(A day at the Keeneland Race Course. In January. In the bitter cold. In absolute paradise. / All Photos by Holly M. Smith)
I think most of us all would agree. There is nothing more beautiful than watching a Thoroughbred do what a Thoroughbred is born to do.
The ease of the motion.
The drive of the engine.
The glide through the air, when all four wheels have left the ground.
The stretch of the neck for lift-off.
The reach of the legs for another touch down.
And, all the while, the rider sits, stands, crouches, and guides.
In harmony. Synchronized. A team. A pair.
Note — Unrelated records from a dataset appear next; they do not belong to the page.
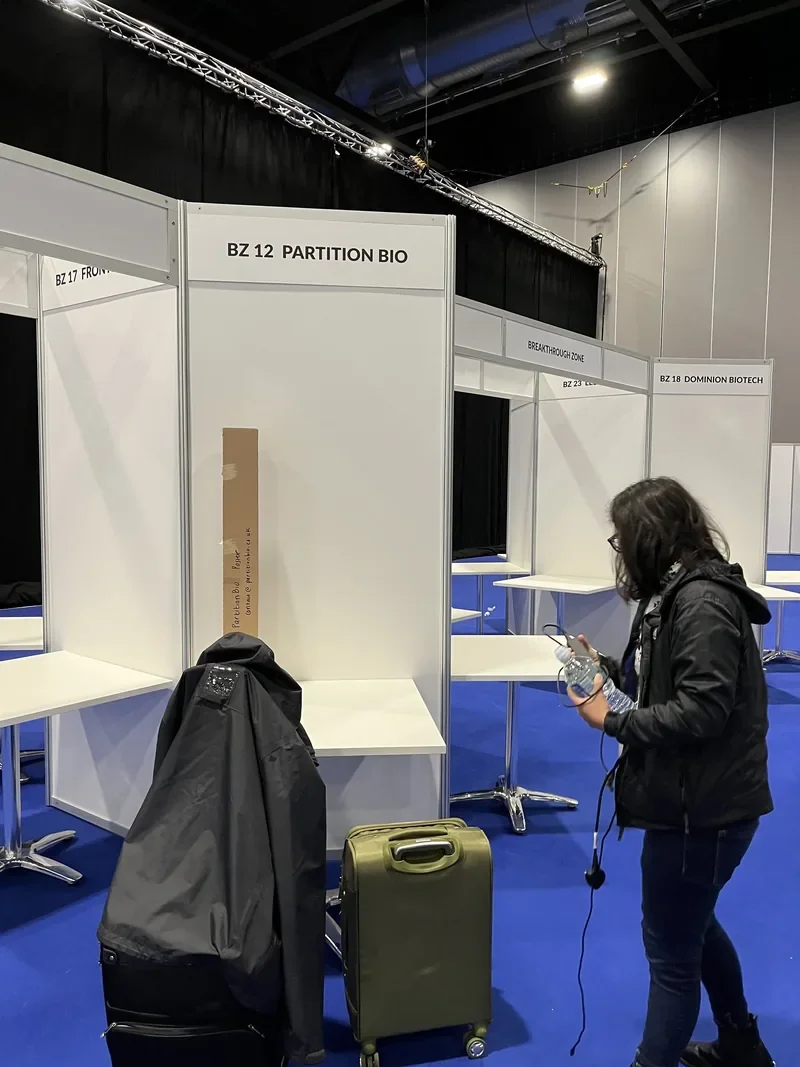 Empty PartitionBio Breakthrough Zone stand BZ12 at ELRIG Drug Discovery 2025 before setup, with a team member and luggage arriving
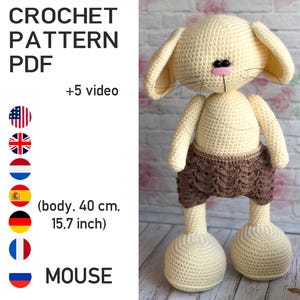 May include: A crocheted mouse toy with a cream-colored body, large ears, and brown shorts. The text "CROCHET PATTERN PDF" and "MOUSE" are visible. The body measures 15.7 inches.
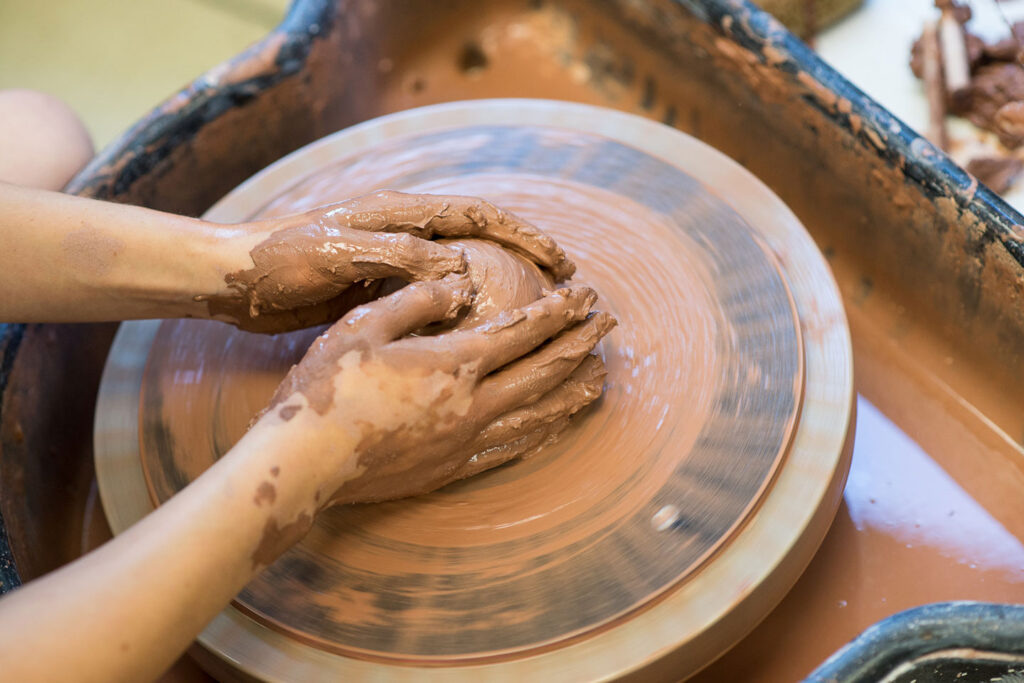 Art student molding piece of potter on wheel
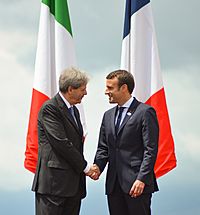 G7 Taormina Paolo Gentiloni Emmanuel Macron handshake 2017-05-26 (cropped)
A tandem.
It is amazing to watch the horse and human.
It is fun to hear them come, like a train in the distant future.
It is great to watch them go, like a jet into the soon-to-be past.
It is what makes us get up in the morning. A cold, winter’s morning on some occasions. And, it is what compels us to go to the track to just watch. And, listen. And, smile — underneath a parka and hood; far below the surface and hidden behind the growler of wool.
If nobody else could tell, you feel the smile inch across the crusty cold face — stiffened by a wind chill factor of one.
If nothing else, it will warm the soul — even when the wind numbs the toes.
If nothing else, it is why Kentucky and Kentuckians love the horse. Why some roll out of a warm bed too early. Why others roll down the highway some 65 miles. Why some brave Mother Nature to capture Father Time in poetry forever.
On this day, our very own photographer, Holly M. Smith, bundled up and headed off to Lexington and Keeneland — two of the most beautiful places on God’s wintergreen Earth.
On this day, our very own horse aficionado, Holly M. Smith, took her camera in hand and captured both the snow on the banks and the horse in the river of dirt.
On this day, our very own artist, Holly M. Smith, took time to refuel her love for the horse by looking; searching; and clicking. The photos don’t tell the entire story. But they give you a strong hint.
Thoroughbreds go to the track each and every day.
Not just on the warm days.
Not just on the sunny days.
Not just on the convenient days.
And, along with them, go the people to wash them; feed them; train them; care for them; and most of all?
Holly M. Smith loves them. And, she loves to photography them.
In all their glory.
On Saturday, they were in their glory.